Finetuning-Free Personalization of Text to Image Generation via Hypernetworks
Introduction
This paper introduces a novel approach to personalizing text-to-image (T2I) diffusion models without the need for fine-tuning, using hypernetworks. Traditional methods, such as DreamBooth, require significant computational resources and time for fine-tuning, which limits their scalability and applicability in real-time scenarios. This research addresses these limitations by leveraging hypernetworks to predict LoRA-adapted weights directly from subject images, proposing an end-to-end training objective stabilized by output regularization, and introducing a Hybrid-Model Classifier-Free Guidance (HM-CFG) for enhanced compositional generalization at inference time. The proposed method promises scalability and effectiveness in open-category personalization.
Methodology
The proposed methodology involves using a hypernetwork that predicts the parameters required to adapt a frozen, pre-trained diffusion model to generate personalized images.
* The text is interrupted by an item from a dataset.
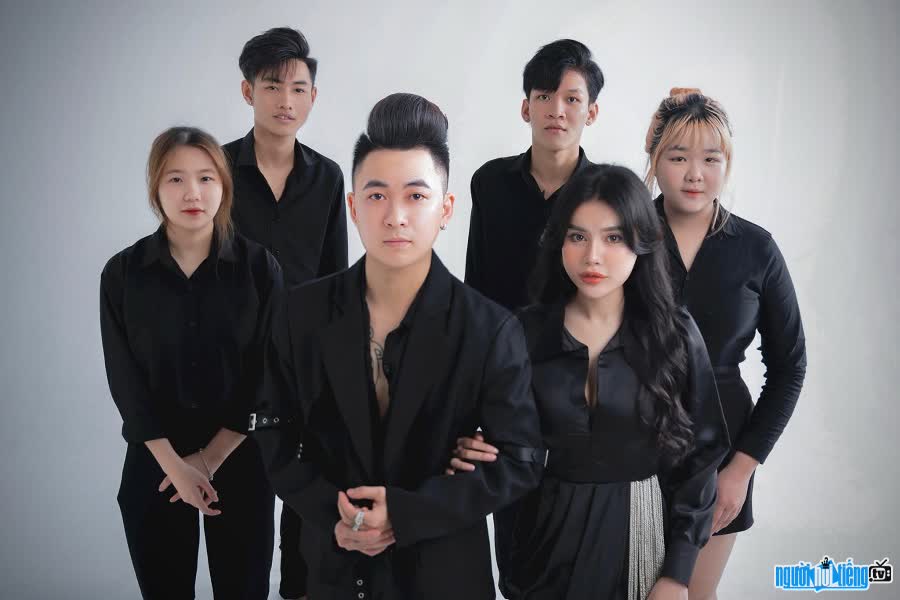 Hair stylist Gia Thinh and his students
The training pipeline is designed to negate the need for time-intensive fine-tuning on new subjects by directly predicting these parameters from input images.

Figure 1: Overview of our approach. a) Training pipeline for hypernetwork-based personalization. b) Inference approach using hybrid model classifier-free guidance.
Key components of the method include:
- Hypernetwork Architecture: A frozen image encoder processes input images, and a trainable weight decoder outputs the LoRA parameters. These parameters adapt a diffusion model to incorporate the subject-specific details.
- Output Regularization: A simple regularization term on the output stabilizes the training and prevents overfitting, effectively replicating early stopping, which is critical in fine-tuning scenarios.
- Hybrid-Model Classifier-Free Guidance (HM-CFG): This inference strategy combines the subject fidelity of personalized models with the compositional strengths of base diffusion models. It allows controlling the trade-off between subject fidelity and prompt adherence through a parameter κ.
The approach negates the need for per-subject optimization at test time, significantly reducing computational overhead while maintaining both subject fidelity and prompt alignment.
Experimental Evaluation
The method was evaluated on several datasets, including CelebA-HQ, AFHQ-v2, and DreamBench. The experiments demonstrated the capabilities of the proposed hypernetwork framework in both closed-category and open-category personalization tasks.
Closed-Category Personalization
Results indicate that the proposed hypernetwork achieves superior subject and prompt fidelity compared to existing methods like DreamBooth, without requiring any test-time fine-tuning.
Figure 2: Qualitative results on CelebA-HQ dataset. Proposed method shows competitive subject and prompt fidelity compared to fine-tuning-based DreamBooth.
Open-Category Personalization
On the open-category benchmark, DreamBench, the method outperformed many state-of-the-art methods without additional fine-tuning, highlighting its robustness and versatility across diverse subjects.
Figure 3: Qualitative results on DreamBench dataset. Improvement in subject fidelity and prompt adherence over baselines is observed.
Hybrid-Model Classifier-Free Guidance
The introduction of HM-CFG significantly enhances prompt adherence while preserving subject fidelity across various datasets.
Figure 4: Qualitative results of applying HM-CFG on CelebA-HQ. Improvement in prompt alignment is evident.
Conclusion
The research offers a pioneering approach to text-to-image personalization that circumvents the computational barriers posed by traditional fine-tuning methods. By utilizing hypernetworks with output regularization and an innovative inference strategy, the method achieves state-of-the-art performance. Future work may explore further tuning of κ to optimize the balance between subject fidelity and prompt adherence, as well as applying these techniques to other generative tasks beyond text-to-image synthesis.